EXERCISE OBJECTIVE
Output exactly the lines from the first line of the records below through the line containing "Young man with", both included, leaving out any pictures.

Start of SOURCE DATA

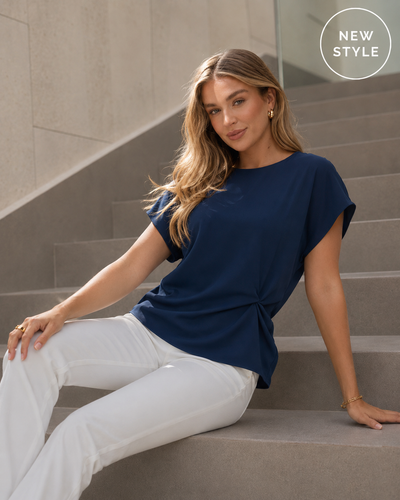 Woman wearing a navy blue top and white pants sitting on steps.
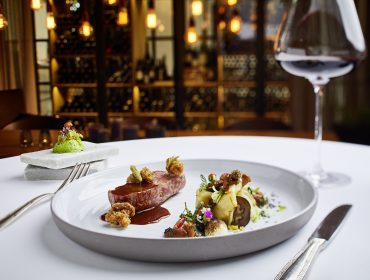 Elegáns ínyenc étel borral fehér terítőn, elegáns, cirbolyaerdő ihlette éttermi környezetben.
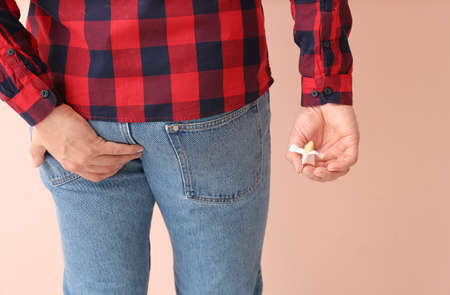 Young man with hemorrhoidal suppository on color backgroundの写真素材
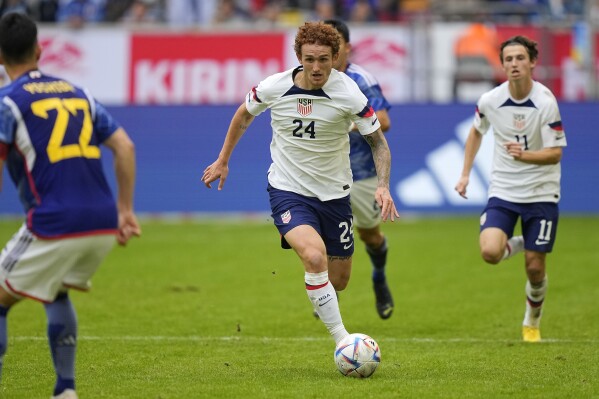 FILE - United States' Joshua Sargent (24) plays against Japan during an international friendly soccer match in Duesseldorf, Germany, Friday, Sept. 23, 2022. United States forward Josh Sargent could miss Saturday's June 8, 2024, friendly against Colombia and could be dropped from the Copa America roster. A 24-year-old from O'Fallon, Missouri, Sargent scored 16 goals in 26 league games with Norwich in England's second-tier League Championship but finished the season while playing with foot swelling. (AP Photo/Martin Meissner, File)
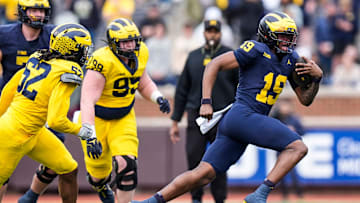 Team Blue quarterback Bryce Underwood (19) runs against Team Maize during the second half of the spring game at Michigan Stadium in Ann Arbor on Saturday, April 19, 2025.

End of SOURCE DATA

OUTPUT OF THE TASK
 Woman wearing a navy blue top and white pants sitting on steps.
 Elegáns ínyenc étel borral fehér terítőn, elegáns, cirbolyaerdő ihlette éttermi környezetben.
 Young man with hemorrhoidal suppository on color backgroundの写真素材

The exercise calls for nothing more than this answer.